Peter Brandl kommt noch in einem Buch vor: im Taufbuch von 1682 ist er zweimal als Taufpate eingetragen. Zunächst am 22. Oktober 1716 beim zehnten Sohn des Schneiders Bogner, hier war er Taufpate zusammen mit der Schlossschließerin. Dann gleich am Tag darauf beim Mälzer Dominik Petrželka, dessen erster Sohn vom Meister den Namen Peter erhielt.
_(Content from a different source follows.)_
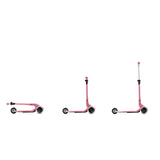 Xtend Mini + (2 a 9 años)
Leider verstarb das Kind nach fünf Monaten und der 32 Jahre junge Petrželka zog nach Kozlan um.
Bald ging Meister Brandl aus Manetin fort, aber seine Helfer blieben noch den Winter und gingen erst kurz vor Ankunft des Prager Weihbischofs Josef Daniel aus Mayern, welcher am 24. Juni 1717 während der Johanniswalfahrt die neu errichtete Kirche eingeweiht hatte.
(Teil der Arbeit von Dekan František Wonka aus dem Jahr 1963)
[1] Quatember, Quatembertage – Fasttage (Mittwoch, Freitag, Samstag), die sich viermal im Jahr wiederholen (nach dem dritten Adventssonntag, nach dem ersten Fastensonntag, in der ersten Pfingstwoche und nach der Kreuzerhöhung). Die Quatembertage entsprechen in etwa dem Beginn der jeweiligen Jahreszeit.